We seek to contribute to the extant literature on intersectionality and the documentary method (Cremers 2020; Hilscher/Springsgut/Theuerl 2020; Hilscher 2024; Springsgut 2021) by focusing on the potentiality inherent in comparative analysis. The latter is a crucial step in data evaluation based on the documentary method (Bohnsack 2013). It is also widely used in qualitative social research, among others, in grounded theory approaches (Glaser/Strauss 1999: 101-115). We probe how comparative analysis assists in investigating the influence of different axes of inequality and enables us to control for the researcher’s point of view. In doing so, we argue that an intersectional lens is essential in reflecting on positionality (Davis 2014; Lutz 2015) and generating sensitivities for dimensions that influence inequalities concerning access to family reunification. As for the documentary method, on the other hand, it provides critical tools for reflecting on researchers’ points of view and investigating how various axes of inequality come into play.
We commence our methodological reflections by considering intersectionality in terms of a method before asking how it can be combined fruitfully with the procedural steps of the documentary method. Next, we offer an example from our research on asylum regimes and transnational refugee families.[1] We thus demonstrate how to explore comparatively various axes of inequality and their intersection. Finally, we discuss the conditions and merits of combining an intersectional approach with the documentary method.
2 Intersectionality as Method
Concerning the US-American Black women’s struggle against multifaceted discrimination, intersectionality was suggested in the late twentieth century as an analytical approach for studying gender and racial discriminatory practices in law (Crenshaw 1989; Brah/Phoenix 2004). Since then, it has been widely used to analyze how multiple forms of structural hierarchies and power relations intersect (Davis/Lutz 2024). In our research, an intersectional lens enables us to explore refugees’ access to rights and resources as well as their risks of exclusion due to intersecting axes of inequality.

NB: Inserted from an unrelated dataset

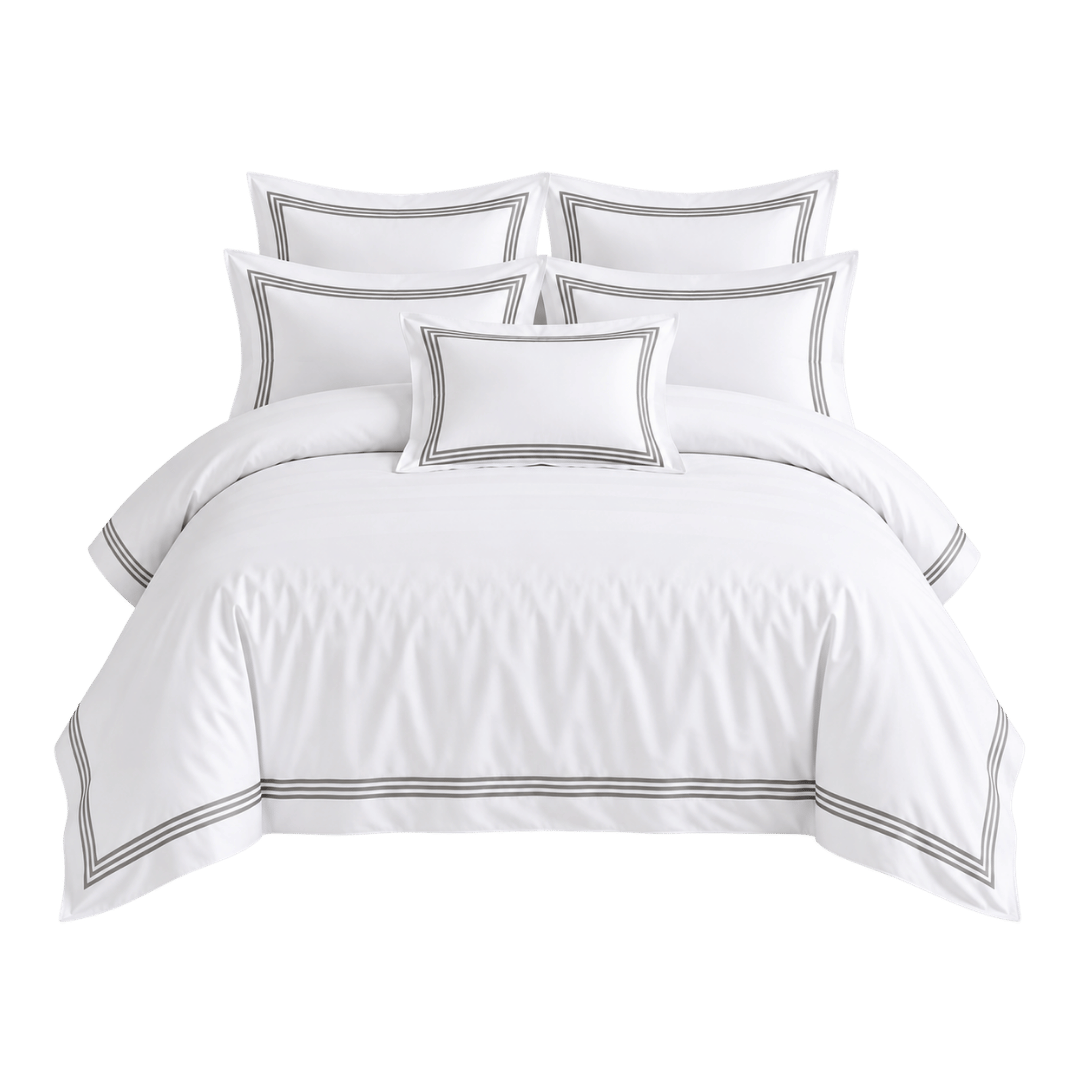 Devore Double Duvet Cover Set White Grey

As a method, intersectionality is productive for investigating the intersecting visible and invisible components of inequality in power contexts (Lutz 2015: 39). It examines the interaction between “categories of difference in individual lives, social practices, institutional arrangements, and cultural ideologies and the outcomes of these interactions in terms of power” (Davis 2008: 68). Intersectionality is complex and seems to be open-ended (Ludvig 2006; McCall 2005) in that uncertainties are inherent to the method (Davis 2008: 69; Davis/Lutz 2024: 222). One of the ways to implement it, which several scholars have noted (Davis 2014; Lutz 2015), turns on Matsuda’s contribution, consisting mainly of “asking the other question” approach: “When I see something that looks racist, I ask, ‘Where is the patriarchy in this?’ When I see something that looks sexist, I ask, ‘Where is the heterosexism in this?’ When I see something that looks homophobic, I ask, ‘Where are the class interests in this?’” (Matsuda 1991: 1189).

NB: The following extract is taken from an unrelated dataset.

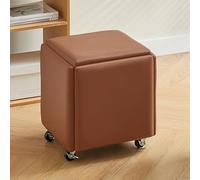 QHQQXN Pouf gigogne 5 en 1 en Cuir PU avec roulettes pivotantes, canapé empilable, Tabouret, Repose-Pieds Mobile, Coiffeuse pour Salon, Chambre à Coucher, Solution de Rangement colorée Marron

For Helma Lutz (2015), Mari J. Matsuda’s contribution is a twofold call to researchers: not to adhere to one category only, and to eschew the practice of “mentioning differences without taking them into account” (Lutz 2015: 40). She suggests investigating the central categories not in an isolated manner but, instead, crossquestioning them and considering multiple levels of analysis (Lutz 2015: 40). Intersectional perspectives should therefore begin in the planning stage and continue through all further research steps (Davis/Lutz 2024: 224). In fieldwork, it is vital to ponder the situatedness among people involved in the research (Lutz 2015: 40-41). Reflecting on research participants’ perceptions and the researcher’s interactions with them is a call for scholars applying intersectionality to consider their positioning and its influence on their knowledge production (Bowleg 2008; Davis 2014).

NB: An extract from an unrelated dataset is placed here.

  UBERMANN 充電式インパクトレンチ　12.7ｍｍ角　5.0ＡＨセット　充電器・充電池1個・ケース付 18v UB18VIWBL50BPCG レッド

One challenge posed by the logic of “the other question” is discerning when to stop asking other questions (Davis/Lutz 2024: 222). Logically, the list of possible inquiries linked to the previous question may be limitless (Davis 2008: 77). Another struggle relates to possible “blind spots” (Davis/Lutz 2024). To minimize the latter’s impact, the research team or the researcher’s environment in which the data and fieldwork are reflected[2] must be as diverse as possible. It is therefore possible to analyze the data from different standpoints (Davis 2008) and thus increase the possibility of a truly intersectional perspective. No social category should be seen as primary to others or as natural (Lutz 2015: 42).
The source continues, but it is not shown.